# EXERCISE REQUIREMENTS
Every line from the one with "Descarga de plantilla" through the end of the entries below should be written out exactly; the pictures should not.

Caption-style text data:
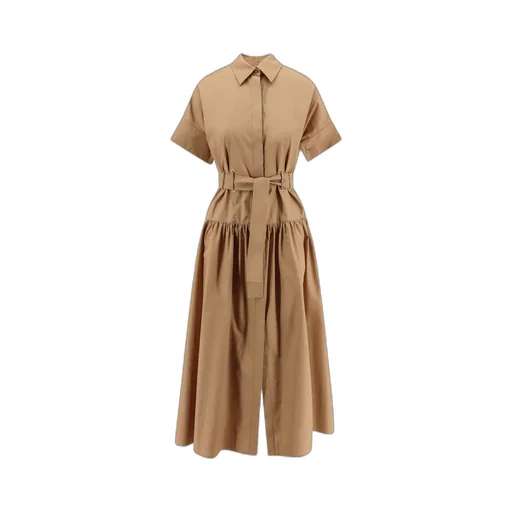 Agoraio Belted Short-Sleeved Midi Dress
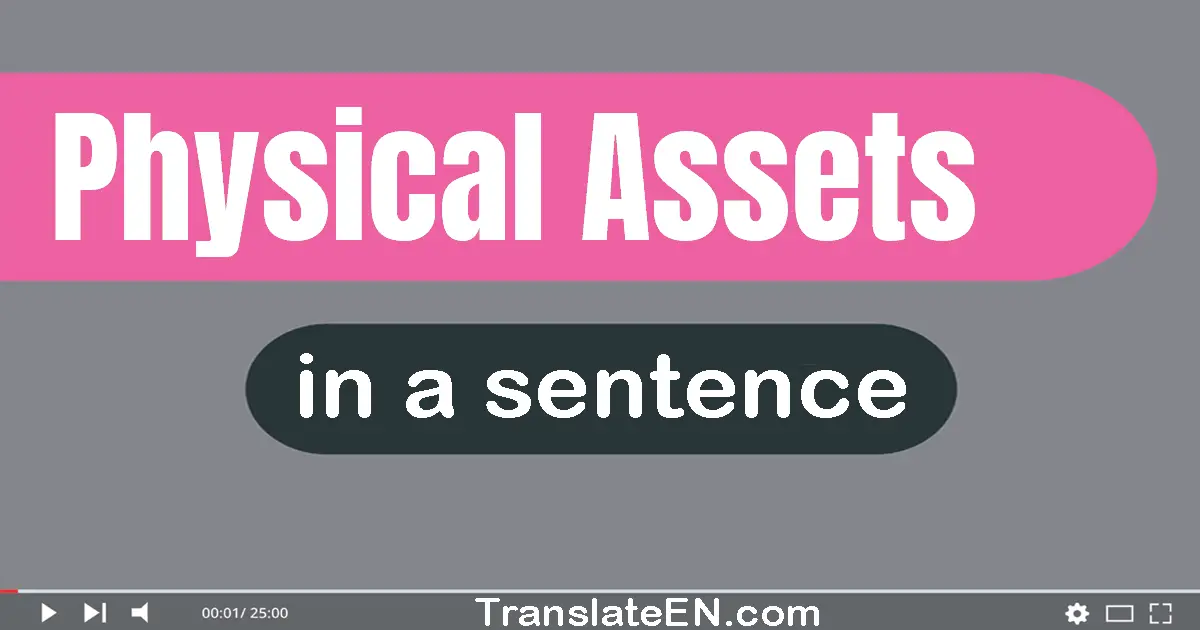 Physical Assets in a sentence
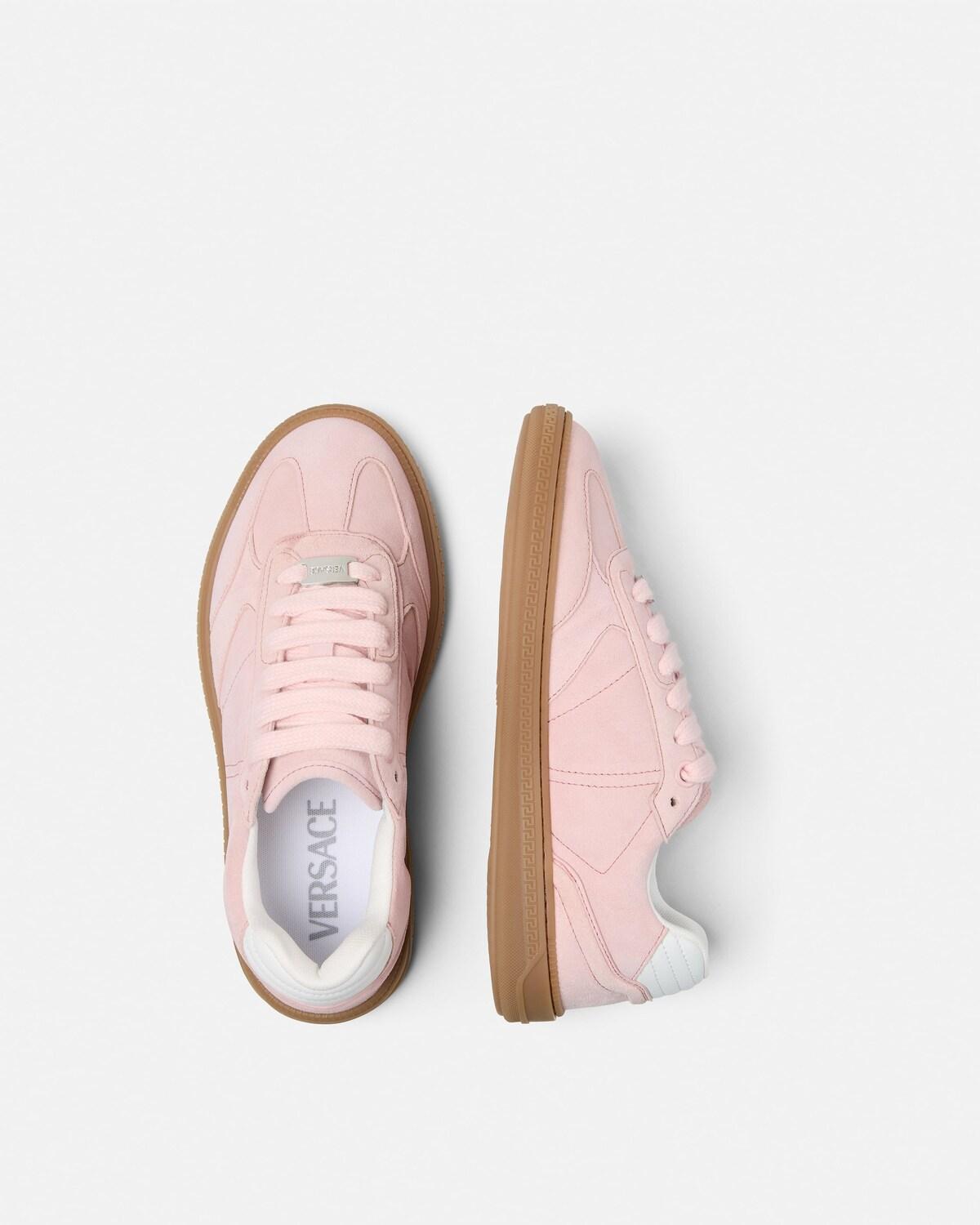 Greca Court Suede Sneakers - Image 3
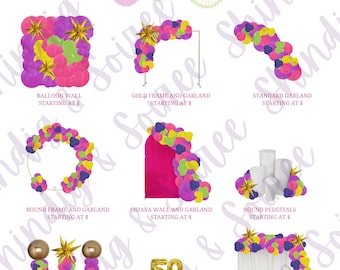 Descarga de plantilla de Canva para menú de precios de globos de Fiesta Colors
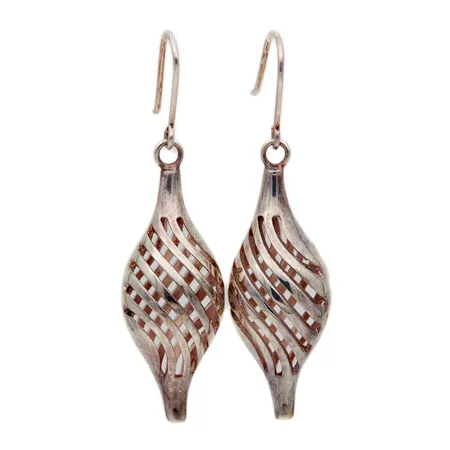 Korvakorut, korkeus 51mm, Ritva-Liisa Pohjalainen, 925, Paino: 9,3 g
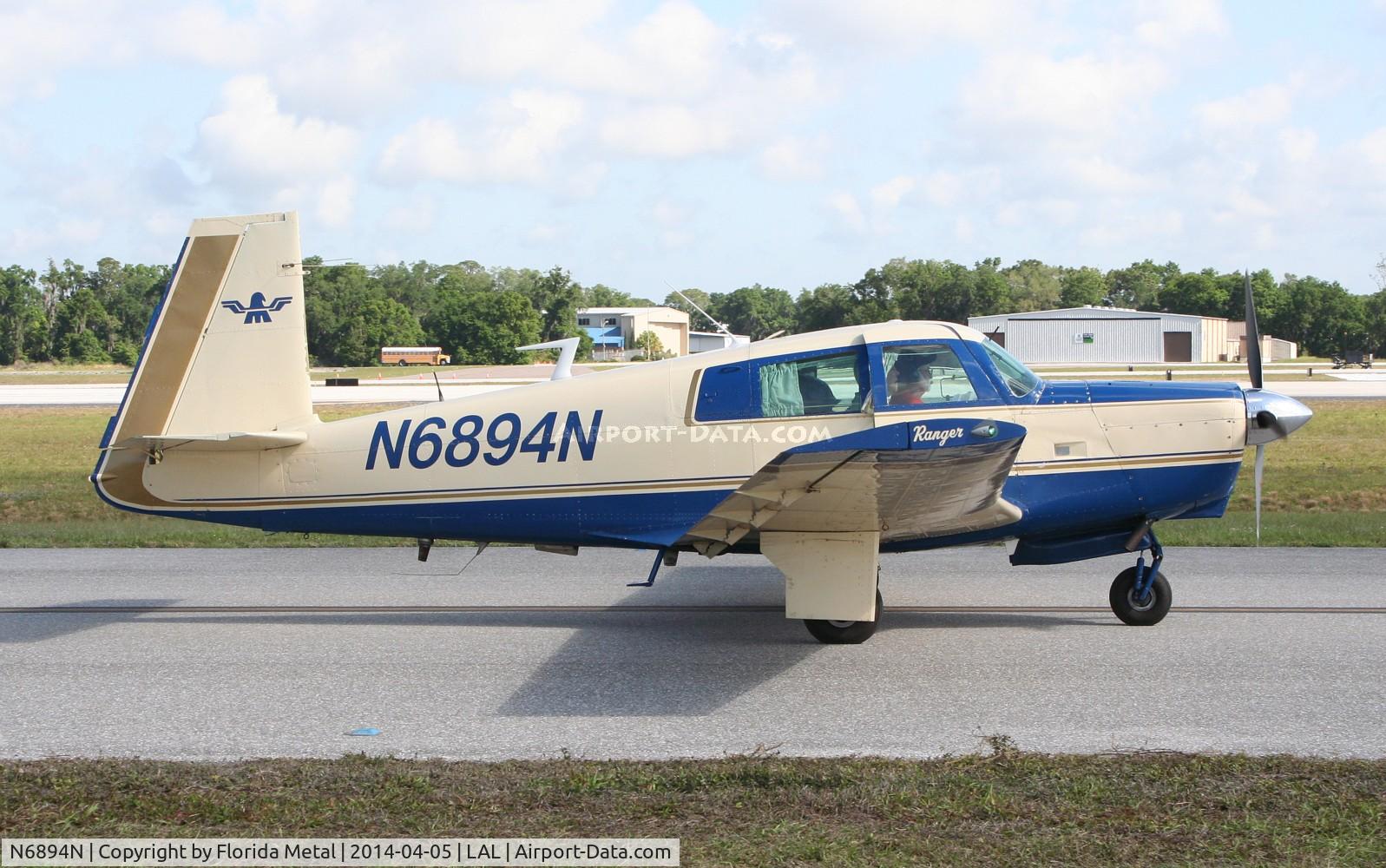N6894N, 1968 Mooney M20C Ranger C/N 680164, Mooney M20C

# TASK RESPONSE
 Descarga de plantilla de Canva para menú de precios de globos de Fiesta Colors
 Korvakorut, korkeus 51mm, Ritva-Liisa Pohjalainen, 925, Paino: 9,3 g
N6894N, 1968 Mooney M20C Ranger C/N 680164, Mooney M20C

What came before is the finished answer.